一朵朵颜色不统一的花,在街道、小路上开满了。这些颜色绚丽的花给灰沉沉的大地以独特的装点。这些花扎根在人们的手里,只在阳光热烈、细雨飘起的天气盛开。它们就是晴雨时被人们紧握手中的伞。
伞,各式各样:伞面花纹不一,伞柄样式有二:折伞和直伞,支架分可折和不可折,抓手有直立型和弯钩型。虽外形不一,但结构作用却都一致。伞,跟人体一样,身体各部分连接在一起,由统一的伞嘴上下运动决定伞的开合,而其他部分则跟随其一起进行伸缩运动。在这一上一下、一伸一缩的合力中,花开花谢。

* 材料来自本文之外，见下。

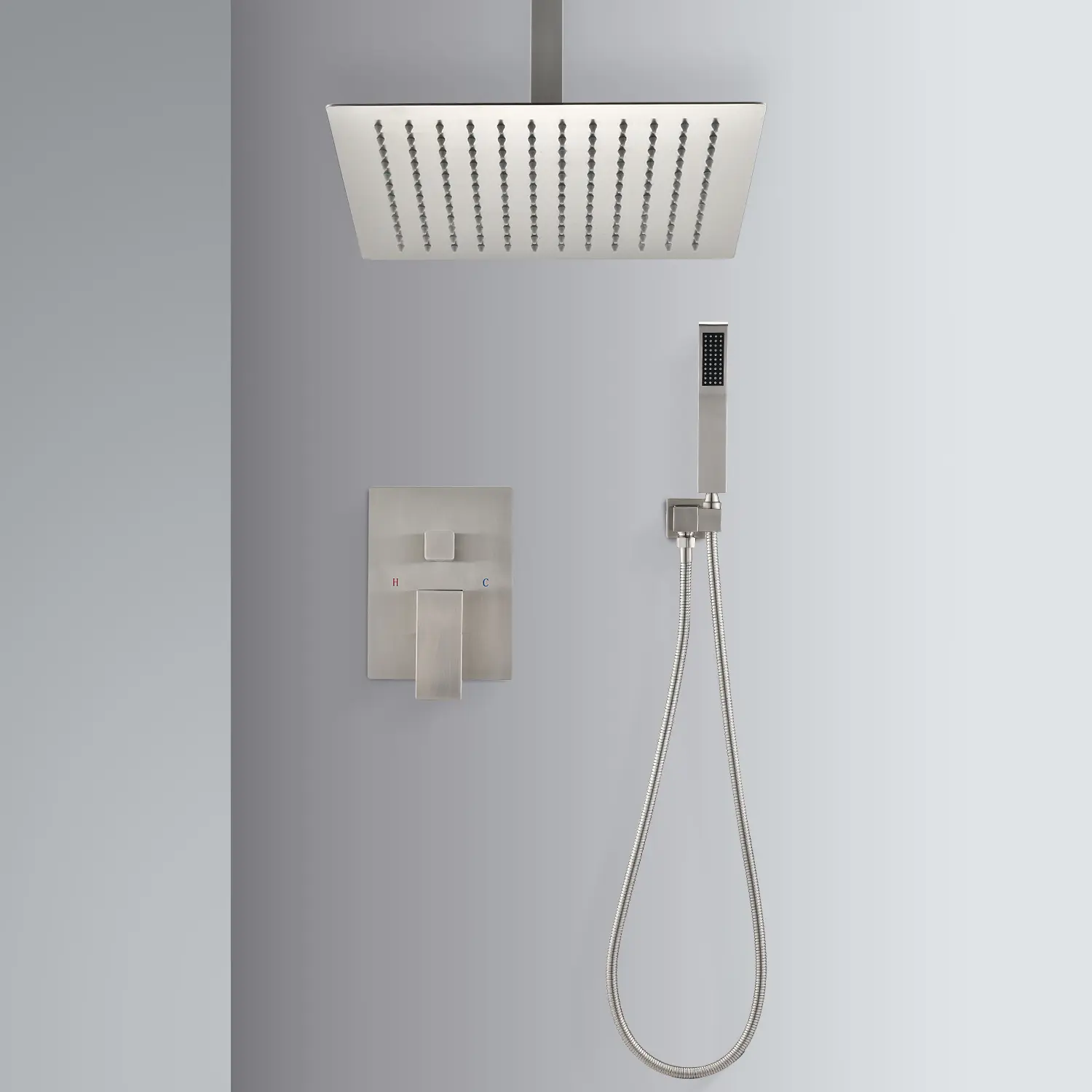 Nokaa Ceiling Mounted Shower System Combo Set with 16 Inch Rainfall Shower Head and Handheld Spray, Brushed Nickel Finish, Brass Construction, Self-Cleaning Nozzles, Multiple Options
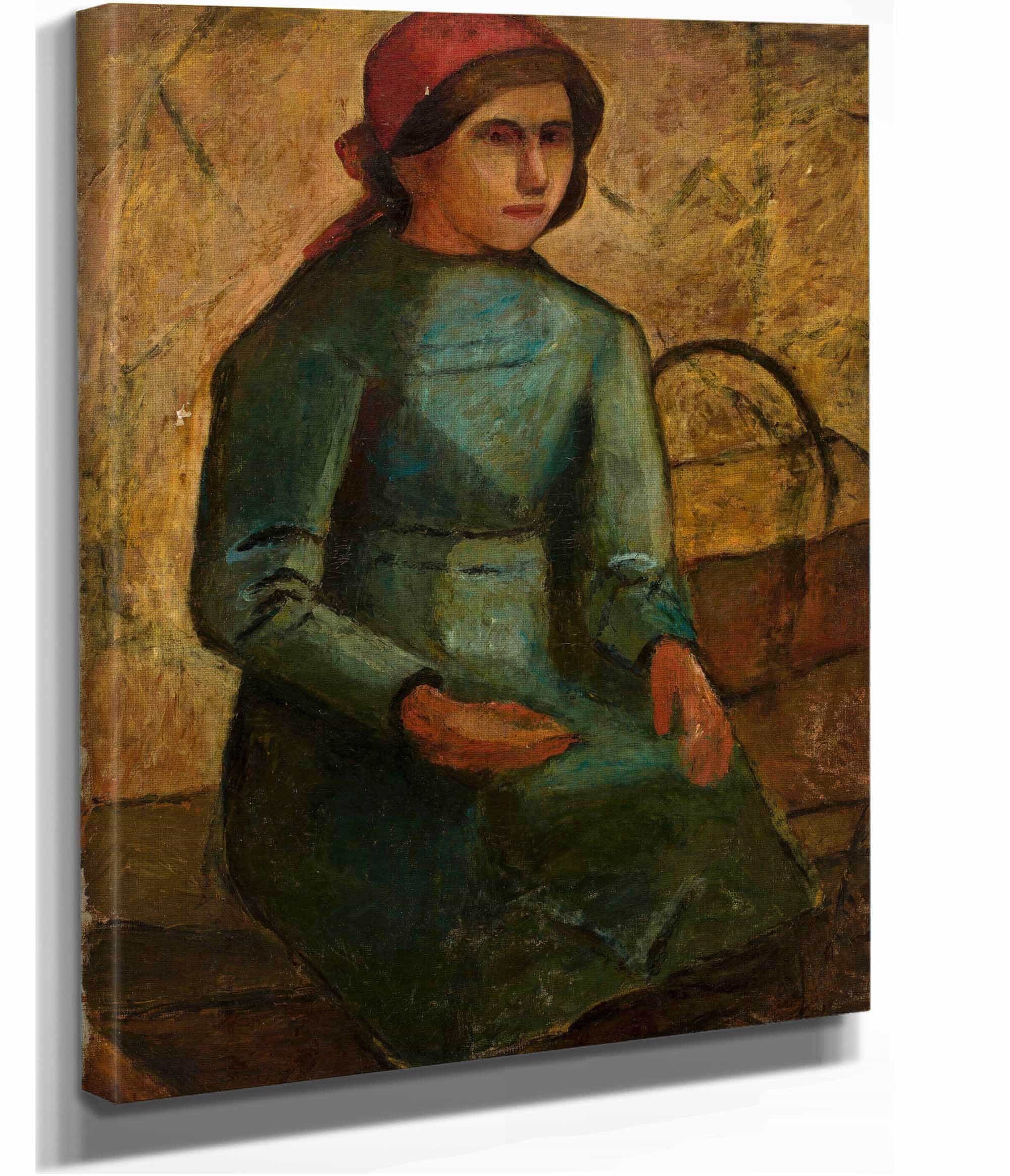 Dziewczyna W Zielonej Sukni Z Koszykiem by Tadeusz Makowski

伞柄是伞中最瘦弱、体态最平凡的一员。直直落落,上升下落。别人弯曲它直挺,人家艳丽它朴素。但是,出力时它却是主力队员——一个瘦弱的身躯却顶起宽大的伞,有时甚至需顶风而行。用不着时,它得将身体缩到那铁壳里,憋他个几天甚至几月才能“闪门出户”。一用着,就又在风雨中直直地挺着。
伞的支架弟兄众多,少的六个,多的十二人团团围住伞柄,均匀排列。它们人多力量却薄弱,不过是伞柄的帮衬而已。拿折伞来说,伞柄往上升,它们就往两边靠;伞柄一收缩,它们弟兄也齐齐跟着把身子缩成一团。但是没有它们可真不行,伞柄虽是个大力士,但若无他们左右相帮扶统一行动,那也绝不可能将一朵伞花撑起来的。
伞面可是天生的“美人坯子”,各种花纹,各种图案,各种颜色,一伞一世界,也绝不是夸张之辞。伞下之人的品味个性习惯也全在这一面上昭昭然了:简约之人伞多纯色,爱美之人必爱花伞,喜净之人伞也干净……以此说来,伞面亦脸面,千人千面。别看它备受人宠,但它可不是娇滴滴的公主,而是雨中的花木兰。你看,风雨中它始终抬头,任雨水冲击,随大风扑打。
伞虽平凡,但它们却将人们罩在了身下,一切风雨全由自己承受。所谓舍己为人,不计出生与美丑,在撑开的那一刹那就已成为一朵雨中盛开的花!